Do you have continuity from pin 2 to ground at both extremes of rotation? If pin 2 is short to ground directly or through pin 1 and you have the level cranked, that would make pin 3 look guilty when he isn't really the problem. You can measure resistance between pin 1 and pin 3 with nothing plugged into the output. Check from pin 2 to each of its neighbors as well.


----------



## UnusedPortion (Apr 29, 2020)

All 3 pins of the pot have continuity to ground, and the level of the pot doesn’t change that.  I measured the resistance between pins 1 and 3 at ~1.5 ohms (basically nothing), and when I measure between pin 1 or 3 and pin 2, it’s ~3 ohms at each extreme and maxes out at ~30K ohms somewhere in the middle.


----------



## Ratimus (Apr 29, 2020)

Ah, so the 30k you're seeing is the upper half of the pot in parallel with the lower half, which tells us pin 2 is fine. I would guess there's a solder bridge between ground and either the negative side of C14 or pin 3. Try desoldering pin 3 and bending it all the way up and out of the board, then measuring from that pad on the pcb to ground. If it's not short, that was your problem, otherwise suspect C14.


----------



## Ratimus (Apr 29, 2020)

Heck, at this point you might benefit from just removing that pot. While you've got it out, you can check resistance from each of the traces on the pcb to ground, and you can test the pot as well.


----------



## UnusedPortion (Apr 29, 2020)

I removed the pot and C14, and I still have continuity between negative side of C14 and pins 1 and 3 for the pot.  Here are some photos:


----------



## Ratimus (Apr 29, 2020)

First pic shows negative side of C14 might have a solder bridge? Try cleaning up all the lands for the components you removed.

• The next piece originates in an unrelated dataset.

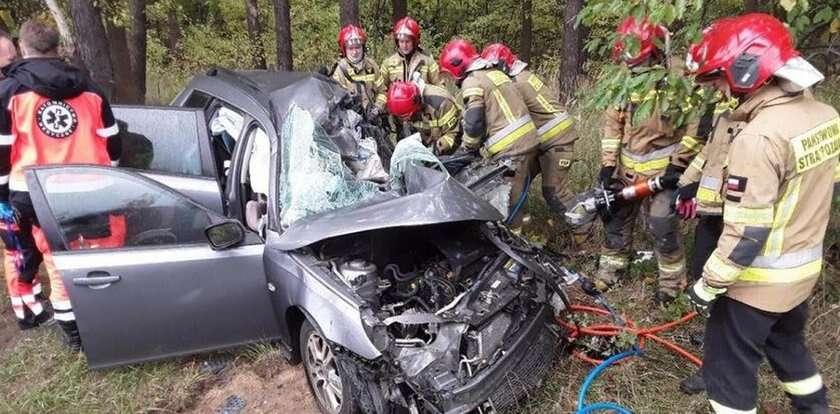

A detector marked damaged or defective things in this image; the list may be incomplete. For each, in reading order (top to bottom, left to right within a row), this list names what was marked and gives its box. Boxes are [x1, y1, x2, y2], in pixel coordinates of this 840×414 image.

You're so close to getting this thing working!


----------



## Ratimus (Apr 29, 2020)

Here's the part I'm talking about:


----------



## UnusedPortion (Apr 29, 2020)

Thanks.  I went back and cleaned that with IPA, but I'm still having the same grounding problem.  In fact, I'm pretty sure the messiness you see is caused by the rework that I did earlier (replacing C14 in this case), so I don't think it is the cause of the problem.  I am pretty stumped at this point.


----------



## zgrav (Apr 29, 2020)

you circuit seems to have a connection to ground somewhere between the negative side of C14 and the hole in the PCB for lug 3 of your pot.  take a good luck at the area where IC1 is soldered in to the board, since it looks like the connection from C14 base goes under that chip on the way to the level pot.  maybe there is a damaged trace that has a solder bridge to ground or something similar.


----------



## UnusedPortion (Apr 29, 2020)

Thanks, zgrav.  I pulled out the CD4024BE chip from the socket and looked at the traces that go under that socket, but I'm not seeing anything problematic there.  For good measure, I went ahead and cleaned in there with IPA, but still having that grounding problem.


----------



## zgrav (Apr 29, 2020)

still sounds like you have a short in the board to ground somewhere between the base of c14 and lug 3.  that is the only way I can see that you would end up with continuity to lug 1 as well.  

if you can't find a spot with a solder bridge or a shorted trace between those two points and they are connected to lug 3 for the pot (and that means to ground as well, right?), you could try disconnecting the base of c14 from the board and not connecting lug 3 to the board, then wire those two points directly to see if that bypasses the problem.  that should ensure your audio signal reaches the level pot without losing volume.


----------



## bengarland (Apr 29, 2020)

A bad pot wouldn't be out of the question. I use the standard Alpha pots from Tayda and found a bad one a week ago -- I was building the Hydra, and the output was inexplicably staticky / distorted. I could hear the delays but it sounded like garbage. I finally traced it back to the volume pot and and pulled it. Put a new pot in, works great.


----------